From: Christoph Hellwig <hch@lst.de>
Date: Thu, 7 Jul 2022 16:07:06 +0000 (+0200)
Subject: separate general requirement from specific NVMe/TCP requirement
X-Git-Tag: draft-hellwig-nfsv4-scsi-layout-nvme-03~2
X-Git-Url: https://www.infradead.org/git/?a=commitdiff_plain;h=401a23516a14642c598868cac7bb96f88c115f47;p=users%2Fhch%2Fscsi-layout-nvme.git

separate general requirement from specific NVMe/TCP requirement

From David Black
---

diff --git a/scsi_nvme_middle.xml b/scsi_nvme_middle.xml
index 82b9fc7..f140bcf 100644
--- a/scsi_nvme_middle.xml
+++ b/scsi_nvme_middle.xml
@@ -249,10 +249,14 @@
   <t>
     It is the responsibility of those administering and deploying
     pNFS with an NVMe layout to ensure that appropriate protection is
-    deployed to that protocol.
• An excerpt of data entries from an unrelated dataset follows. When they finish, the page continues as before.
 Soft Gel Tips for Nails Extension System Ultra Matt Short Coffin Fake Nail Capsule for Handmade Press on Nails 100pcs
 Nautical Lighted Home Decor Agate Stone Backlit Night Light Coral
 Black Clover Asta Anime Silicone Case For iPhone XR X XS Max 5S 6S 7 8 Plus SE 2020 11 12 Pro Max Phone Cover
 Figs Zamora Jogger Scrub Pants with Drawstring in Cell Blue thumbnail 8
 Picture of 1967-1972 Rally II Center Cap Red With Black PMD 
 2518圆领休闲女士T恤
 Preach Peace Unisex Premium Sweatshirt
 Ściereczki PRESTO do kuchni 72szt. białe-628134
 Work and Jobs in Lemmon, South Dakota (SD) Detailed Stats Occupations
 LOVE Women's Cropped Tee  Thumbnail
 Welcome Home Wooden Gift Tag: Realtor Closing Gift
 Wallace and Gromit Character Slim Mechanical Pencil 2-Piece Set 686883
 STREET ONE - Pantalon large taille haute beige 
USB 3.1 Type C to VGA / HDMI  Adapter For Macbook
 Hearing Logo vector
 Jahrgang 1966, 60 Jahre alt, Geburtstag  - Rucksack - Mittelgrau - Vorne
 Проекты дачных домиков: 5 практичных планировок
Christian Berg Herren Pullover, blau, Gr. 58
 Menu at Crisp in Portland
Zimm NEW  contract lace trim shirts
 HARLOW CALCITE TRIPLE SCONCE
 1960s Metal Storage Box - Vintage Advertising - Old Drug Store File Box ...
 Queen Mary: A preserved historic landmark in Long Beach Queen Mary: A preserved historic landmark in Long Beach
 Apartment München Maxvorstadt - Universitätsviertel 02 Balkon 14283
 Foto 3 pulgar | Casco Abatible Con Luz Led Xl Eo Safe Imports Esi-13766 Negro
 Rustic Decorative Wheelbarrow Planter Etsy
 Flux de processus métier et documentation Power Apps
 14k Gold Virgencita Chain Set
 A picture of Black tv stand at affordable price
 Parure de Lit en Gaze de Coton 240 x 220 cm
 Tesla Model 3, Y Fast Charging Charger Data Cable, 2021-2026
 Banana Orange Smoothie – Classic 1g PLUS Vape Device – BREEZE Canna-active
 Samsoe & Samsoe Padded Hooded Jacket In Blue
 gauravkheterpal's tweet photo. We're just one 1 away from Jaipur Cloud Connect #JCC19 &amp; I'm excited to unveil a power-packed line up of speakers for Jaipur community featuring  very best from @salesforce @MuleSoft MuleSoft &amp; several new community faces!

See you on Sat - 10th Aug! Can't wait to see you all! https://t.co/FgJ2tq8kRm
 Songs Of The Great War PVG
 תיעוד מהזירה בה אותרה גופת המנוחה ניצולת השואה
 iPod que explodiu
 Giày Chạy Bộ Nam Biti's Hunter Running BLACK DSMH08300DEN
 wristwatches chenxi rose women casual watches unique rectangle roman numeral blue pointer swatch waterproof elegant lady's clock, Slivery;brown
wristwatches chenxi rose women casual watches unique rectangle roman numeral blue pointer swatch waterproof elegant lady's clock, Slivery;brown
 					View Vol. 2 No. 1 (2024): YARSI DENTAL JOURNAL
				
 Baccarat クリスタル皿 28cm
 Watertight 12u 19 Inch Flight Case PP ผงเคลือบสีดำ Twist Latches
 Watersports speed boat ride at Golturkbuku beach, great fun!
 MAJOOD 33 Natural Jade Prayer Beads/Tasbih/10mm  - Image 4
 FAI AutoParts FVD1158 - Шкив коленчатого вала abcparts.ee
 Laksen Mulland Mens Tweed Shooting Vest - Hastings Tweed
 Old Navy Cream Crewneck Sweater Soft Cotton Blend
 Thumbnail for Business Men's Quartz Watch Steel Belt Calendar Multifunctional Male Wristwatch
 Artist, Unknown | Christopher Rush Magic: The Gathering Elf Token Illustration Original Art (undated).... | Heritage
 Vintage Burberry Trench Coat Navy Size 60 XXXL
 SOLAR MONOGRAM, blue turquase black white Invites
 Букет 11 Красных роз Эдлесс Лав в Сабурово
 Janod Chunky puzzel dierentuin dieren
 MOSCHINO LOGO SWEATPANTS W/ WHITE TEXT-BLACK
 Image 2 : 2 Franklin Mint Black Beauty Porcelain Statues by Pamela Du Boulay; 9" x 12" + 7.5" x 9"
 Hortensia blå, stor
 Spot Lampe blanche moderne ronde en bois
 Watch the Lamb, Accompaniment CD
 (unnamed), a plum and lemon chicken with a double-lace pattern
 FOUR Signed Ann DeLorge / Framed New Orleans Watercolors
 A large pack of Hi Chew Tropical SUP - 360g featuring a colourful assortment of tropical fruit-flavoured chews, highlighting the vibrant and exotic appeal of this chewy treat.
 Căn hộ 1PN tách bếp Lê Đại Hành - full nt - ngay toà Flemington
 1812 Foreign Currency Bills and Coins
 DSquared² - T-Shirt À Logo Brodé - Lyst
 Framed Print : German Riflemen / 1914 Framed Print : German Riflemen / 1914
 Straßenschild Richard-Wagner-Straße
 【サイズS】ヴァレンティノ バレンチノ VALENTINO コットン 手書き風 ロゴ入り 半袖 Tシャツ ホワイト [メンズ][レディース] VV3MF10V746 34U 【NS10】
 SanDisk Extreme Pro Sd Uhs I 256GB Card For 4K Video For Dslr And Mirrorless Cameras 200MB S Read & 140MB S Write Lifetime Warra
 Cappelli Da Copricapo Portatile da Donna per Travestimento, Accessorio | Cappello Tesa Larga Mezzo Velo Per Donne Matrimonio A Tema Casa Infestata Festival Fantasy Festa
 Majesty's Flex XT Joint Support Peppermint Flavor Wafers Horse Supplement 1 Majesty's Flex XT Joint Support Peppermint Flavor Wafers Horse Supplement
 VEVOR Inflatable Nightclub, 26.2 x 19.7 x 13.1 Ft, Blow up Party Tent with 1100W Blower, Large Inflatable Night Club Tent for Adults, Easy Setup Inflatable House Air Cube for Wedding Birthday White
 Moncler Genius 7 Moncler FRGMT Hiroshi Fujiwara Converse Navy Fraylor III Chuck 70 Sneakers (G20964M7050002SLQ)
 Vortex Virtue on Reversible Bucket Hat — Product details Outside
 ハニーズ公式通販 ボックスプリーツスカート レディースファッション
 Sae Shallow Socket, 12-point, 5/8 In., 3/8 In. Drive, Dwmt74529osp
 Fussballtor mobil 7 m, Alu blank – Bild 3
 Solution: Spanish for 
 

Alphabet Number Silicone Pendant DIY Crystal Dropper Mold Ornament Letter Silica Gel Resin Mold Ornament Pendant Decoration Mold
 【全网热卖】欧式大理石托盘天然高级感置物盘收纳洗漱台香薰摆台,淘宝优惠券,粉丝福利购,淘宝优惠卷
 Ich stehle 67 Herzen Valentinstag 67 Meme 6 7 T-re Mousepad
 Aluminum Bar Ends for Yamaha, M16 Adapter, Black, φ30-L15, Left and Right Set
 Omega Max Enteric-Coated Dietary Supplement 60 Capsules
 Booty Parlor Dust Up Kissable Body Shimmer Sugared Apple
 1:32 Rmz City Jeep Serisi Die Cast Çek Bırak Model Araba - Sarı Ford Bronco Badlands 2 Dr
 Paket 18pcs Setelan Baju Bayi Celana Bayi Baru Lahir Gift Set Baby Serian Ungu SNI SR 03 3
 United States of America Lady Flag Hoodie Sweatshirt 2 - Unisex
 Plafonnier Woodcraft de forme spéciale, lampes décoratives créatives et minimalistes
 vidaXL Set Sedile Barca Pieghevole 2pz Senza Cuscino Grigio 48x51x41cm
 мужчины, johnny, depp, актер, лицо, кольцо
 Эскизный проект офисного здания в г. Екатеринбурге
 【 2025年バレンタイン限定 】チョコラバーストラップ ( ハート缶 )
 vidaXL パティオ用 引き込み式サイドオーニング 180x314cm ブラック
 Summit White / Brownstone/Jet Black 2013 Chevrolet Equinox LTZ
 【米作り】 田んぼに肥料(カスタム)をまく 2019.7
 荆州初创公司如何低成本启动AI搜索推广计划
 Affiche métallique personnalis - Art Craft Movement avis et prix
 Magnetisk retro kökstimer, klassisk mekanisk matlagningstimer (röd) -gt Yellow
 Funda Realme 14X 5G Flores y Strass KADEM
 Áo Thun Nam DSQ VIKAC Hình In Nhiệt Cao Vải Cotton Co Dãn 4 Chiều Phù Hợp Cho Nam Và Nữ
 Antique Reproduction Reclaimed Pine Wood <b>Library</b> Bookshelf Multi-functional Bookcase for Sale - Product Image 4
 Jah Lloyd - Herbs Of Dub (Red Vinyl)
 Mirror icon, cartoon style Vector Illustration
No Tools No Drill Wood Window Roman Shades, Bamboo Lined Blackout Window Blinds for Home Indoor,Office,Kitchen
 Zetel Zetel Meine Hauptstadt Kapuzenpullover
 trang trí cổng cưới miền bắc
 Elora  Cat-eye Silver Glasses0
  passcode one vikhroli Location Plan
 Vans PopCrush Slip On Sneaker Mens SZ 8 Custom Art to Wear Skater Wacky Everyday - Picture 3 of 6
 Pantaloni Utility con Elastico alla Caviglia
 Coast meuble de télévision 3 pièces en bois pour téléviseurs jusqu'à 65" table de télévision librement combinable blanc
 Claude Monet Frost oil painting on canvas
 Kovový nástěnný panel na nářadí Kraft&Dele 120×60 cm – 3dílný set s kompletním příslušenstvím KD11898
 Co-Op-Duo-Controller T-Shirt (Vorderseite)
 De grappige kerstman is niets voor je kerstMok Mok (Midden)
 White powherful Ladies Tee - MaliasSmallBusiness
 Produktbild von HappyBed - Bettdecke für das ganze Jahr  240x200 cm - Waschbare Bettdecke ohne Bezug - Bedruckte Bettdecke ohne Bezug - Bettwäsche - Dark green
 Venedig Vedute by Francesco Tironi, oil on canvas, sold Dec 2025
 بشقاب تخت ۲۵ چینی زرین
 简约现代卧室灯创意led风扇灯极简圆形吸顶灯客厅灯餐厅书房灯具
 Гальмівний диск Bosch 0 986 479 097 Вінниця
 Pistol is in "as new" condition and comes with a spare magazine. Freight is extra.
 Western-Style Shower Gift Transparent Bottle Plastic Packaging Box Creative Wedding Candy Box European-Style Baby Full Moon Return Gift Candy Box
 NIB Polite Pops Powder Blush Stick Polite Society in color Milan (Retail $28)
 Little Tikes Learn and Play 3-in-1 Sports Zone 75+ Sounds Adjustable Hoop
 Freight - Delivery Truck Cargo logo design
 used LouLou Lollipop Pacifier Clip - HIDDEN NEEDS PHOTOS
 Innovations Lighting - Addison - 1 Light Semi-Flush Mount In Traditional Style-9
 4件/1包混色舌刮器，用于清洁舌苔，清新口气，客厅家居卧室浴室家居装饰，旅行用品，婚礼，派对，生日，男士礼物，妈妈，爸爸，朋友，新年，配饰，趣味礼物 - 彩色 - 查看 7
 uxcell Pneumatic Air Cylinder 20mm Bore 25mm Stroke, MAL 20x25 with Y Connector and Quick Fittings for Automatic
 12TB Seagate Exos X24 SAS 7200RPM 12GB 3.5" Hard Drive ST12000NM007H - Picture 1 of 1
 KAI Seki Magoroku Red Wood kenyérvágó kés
When using IP-based storage protocols
-    such as NVMe on TCP, TLS <xref target="RFC8446" /> SHOULD be used
-    as outlined in <xref target="NVME-TCP" /> to protect traffic between
-    pNFS clients and NVMe storage devices.
+    deployed to that protocol.
+    When using IP-based storage protocols such as NVMe over TCP, data
+    confidentiality and integrity SHOULD be provided for traffic between
+    pNFS clients and NVMe storage devices by using a secure communication
+    protocol such as TLS  <xref target="RFC8446" />.  For NVMe over TCP,
+    TLS SHOULD be used as described in <xref target="NVME-TCP" /> to
+    protect traffic between pNFS clients and NVMe namespaces used as
+    storage devices.
   </t>
   <t>
     Physical security is a common means for protocols not based on IP.